_WHAT IS NEEDED_
Make an exact copy of all the data, pictures excluded.

_GIVEN DATA_
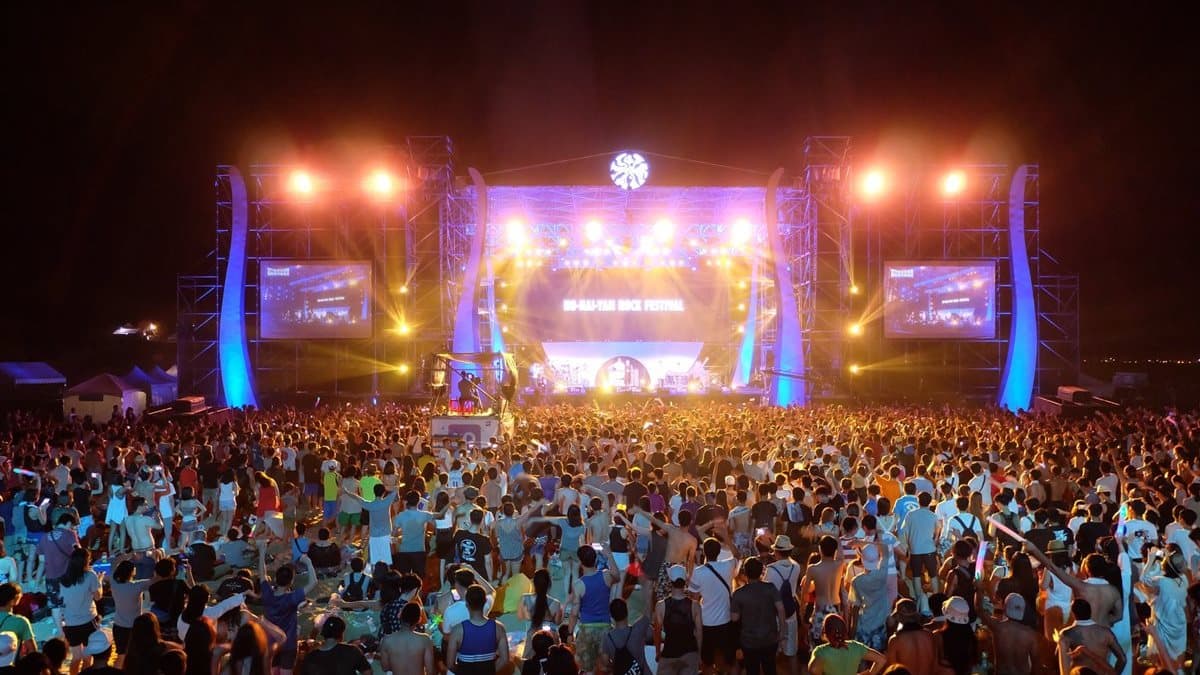 浮潛、塗鴉、機器人!「2018貢寮國際海洋音樂祭」 今年玩法特別HIGH 浮潛、塗鴉、機器人!「2018貢寮國際海洋音樂祭」 今年玩法特別HIGH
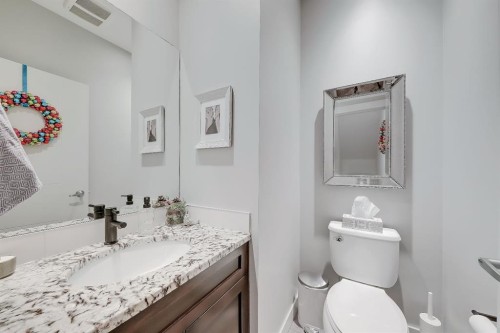 1229 Regal Crescent Ne, Calgary, AB - Indoor Photo Showing Bathroom
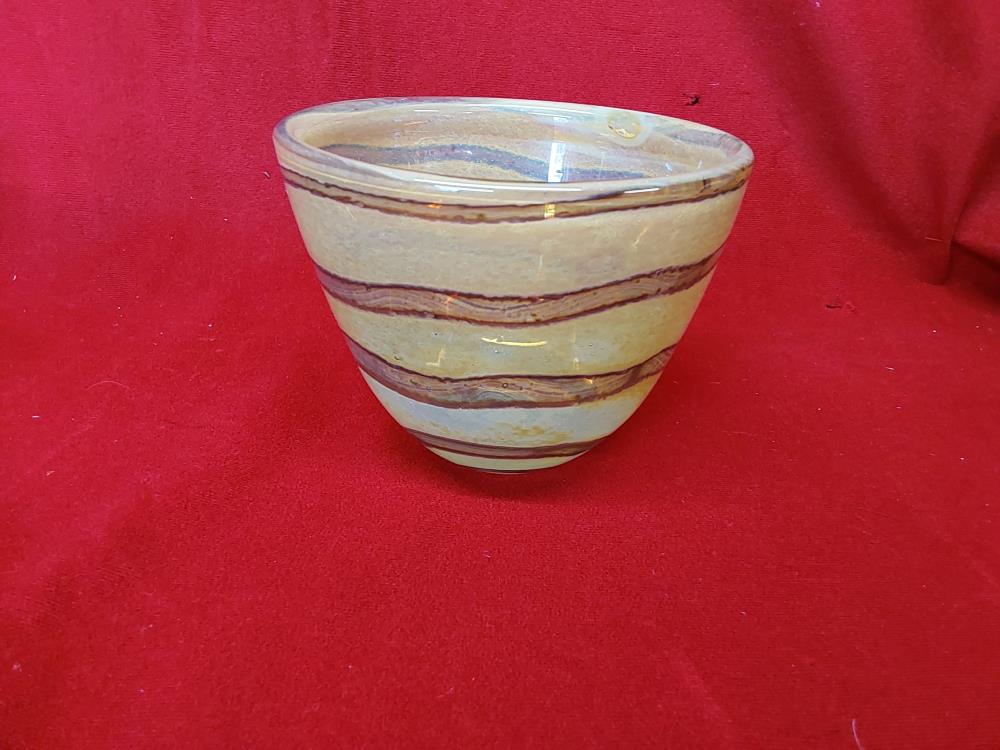 VASE  PATE DE VERRE JAUNE A BANDE BRUNE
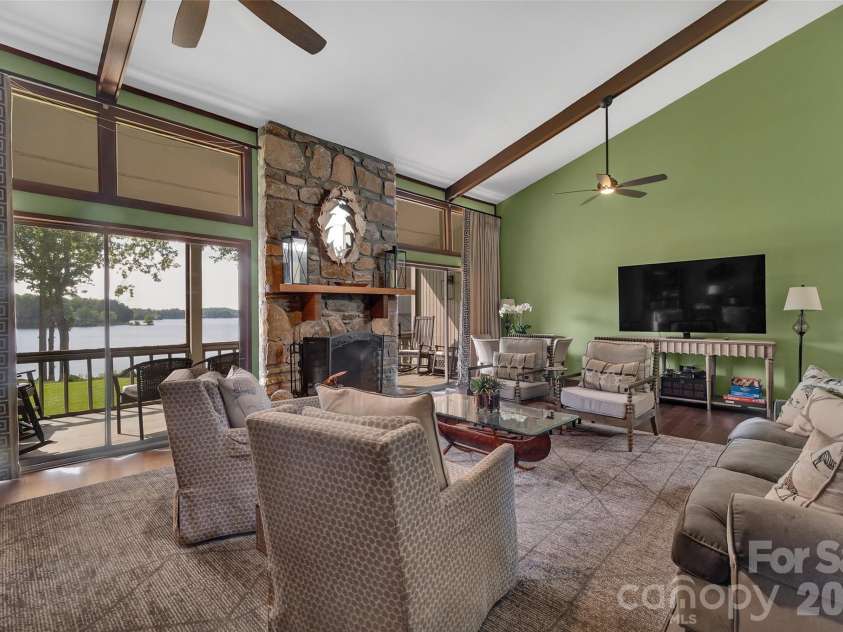 55 Toxaway Shores None, Lake Toxaway, NC 28747.  MLS# CAR4267379, YatesRealty ID 4275.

_RESULT FOR THIS EXERCISE_
 浮潛、塗鴉、機器人!「2018貢寮國際海洋音樂祭」 今年玩法特別HIGH 浮潛、塗鴉、機器人!「2018貢寮國際海洋音樂祭」 今年玩法特別HIGH
 1229 Regal Crescent Ne, Calgary, AB - Indoor Photo Showing Bathroom
 VASE  PATE DE VERRE JAUNE A BANDE BRUNE
 55 Toxaway Shores None, Lake Toxaway, NC 28747.  MLS# CAR4267379, YatesRealty ID 4275.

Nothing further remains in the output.